Eventually, we reached the rim of Caldereta Blanca, the little one of course, abandoning all notions of climbing her larger sister. Getting here had been effort enough thank you very much, and we still had the return hike through the lava fields, past those boards again. We really didn’t need to read those boards yet again. Besides which, I have a friend who ran the Geography Department at the college we both worked at, and he’d furnish me with a far greater overload of tectonic technicalities than mere boards could ever tell me if I were daft enough to ask. He never wastes the opportunity to start banging on about pahoehoe lava flows. Whatever they are. I’ve been told enough times, but I still can’t remember.
For an hour we sat at the top of the crater, looking in all directions as I wielded the telephoto lens with abandon. Here, we were completely alone in the silence, watching the evening begin to glow with yet another orange sunset over the beautiful broken wasteland. And when the light began to fall, we knew it was time to make our way back to the car.
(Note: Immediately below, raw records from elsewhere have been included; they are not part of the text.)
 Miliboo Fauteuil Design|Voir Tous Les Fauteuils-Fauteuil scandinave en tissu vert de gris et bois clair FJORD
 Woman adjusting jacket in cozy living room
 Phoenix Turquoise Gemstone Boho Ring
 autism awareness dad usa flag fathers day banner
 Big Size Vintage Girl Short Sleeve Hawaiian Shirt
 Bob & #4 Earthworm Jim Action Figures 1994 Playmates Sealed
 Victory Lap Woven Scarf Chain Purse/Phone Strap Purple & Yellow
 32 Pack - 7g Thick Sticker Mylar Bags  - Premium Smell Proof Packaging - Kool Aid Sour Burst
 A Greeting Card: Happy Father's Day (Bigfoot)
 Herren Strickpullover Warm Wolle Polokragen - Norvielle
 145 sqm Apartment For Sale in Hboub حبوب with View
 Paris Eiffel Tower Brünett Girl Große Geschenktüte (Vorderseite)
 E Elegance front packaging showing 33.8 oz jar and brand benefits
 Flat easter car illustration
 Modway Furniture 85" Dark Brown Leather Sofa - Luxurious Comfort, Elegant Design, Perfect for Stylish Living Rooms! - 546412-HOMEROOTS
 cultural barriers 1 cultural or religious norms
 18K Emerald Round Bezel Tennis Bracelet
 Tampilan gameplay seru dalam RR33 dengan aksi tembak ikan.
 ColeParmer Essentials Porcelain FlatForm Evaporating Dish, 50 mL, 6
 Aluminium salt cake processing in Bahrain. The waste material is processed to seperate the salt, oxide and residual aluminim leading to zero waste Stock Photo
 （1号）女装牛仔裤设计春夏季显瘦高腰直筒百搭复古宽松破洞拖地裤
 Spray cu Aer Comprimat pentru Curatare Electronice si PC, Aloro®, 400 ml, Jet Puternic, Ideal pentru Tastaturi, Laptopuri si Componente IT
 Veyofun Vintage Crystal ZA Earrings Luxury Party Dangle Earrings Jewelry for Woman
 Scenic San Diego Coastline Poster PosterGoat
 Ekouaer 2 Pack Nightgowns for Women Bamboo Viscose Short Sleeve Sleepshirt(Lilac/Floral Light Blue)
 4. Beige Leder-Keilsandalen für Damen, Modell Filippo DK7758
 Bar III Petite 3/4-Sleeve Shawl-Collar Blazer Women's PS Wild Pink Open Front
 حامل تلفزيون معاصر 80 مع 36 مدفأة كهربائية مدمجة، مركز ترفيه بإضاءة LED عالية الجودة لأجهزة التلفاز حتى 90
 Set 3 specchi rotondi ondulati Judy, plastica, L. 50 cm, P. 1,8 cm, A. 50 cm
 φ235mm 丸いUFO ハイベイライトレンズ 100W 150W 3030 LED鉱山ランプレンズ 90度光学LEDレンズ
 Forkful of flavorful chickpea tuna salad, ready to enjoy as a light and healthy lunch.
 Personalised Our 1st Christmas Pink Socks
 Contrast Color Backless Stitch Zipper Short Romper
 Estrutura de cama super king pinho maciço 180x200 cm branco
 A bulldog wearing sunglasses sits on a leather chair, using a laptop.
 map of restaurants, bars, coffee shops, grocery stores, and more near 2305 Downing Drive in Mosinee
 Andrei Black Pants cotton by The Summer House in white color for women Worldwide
And as so often happens, timing was everything. We’d arrived back at the car now, and it was just in time for me to set up the tripod and grab the classic Canarian dusk colours, that orange band lighting up against the dark silhouettes of the land and the rapidly deepening sky. It always happens so quickly in these subtropical latitudes, the moments between the golden hour and darkness fleeting across the landscape in a race towards the night, at the same time simplifying the scene and reducing it to shapes and light. A shot of the Timanfaya National Park, no less. Albeit from five miles to the east. Better than the bus at any rate.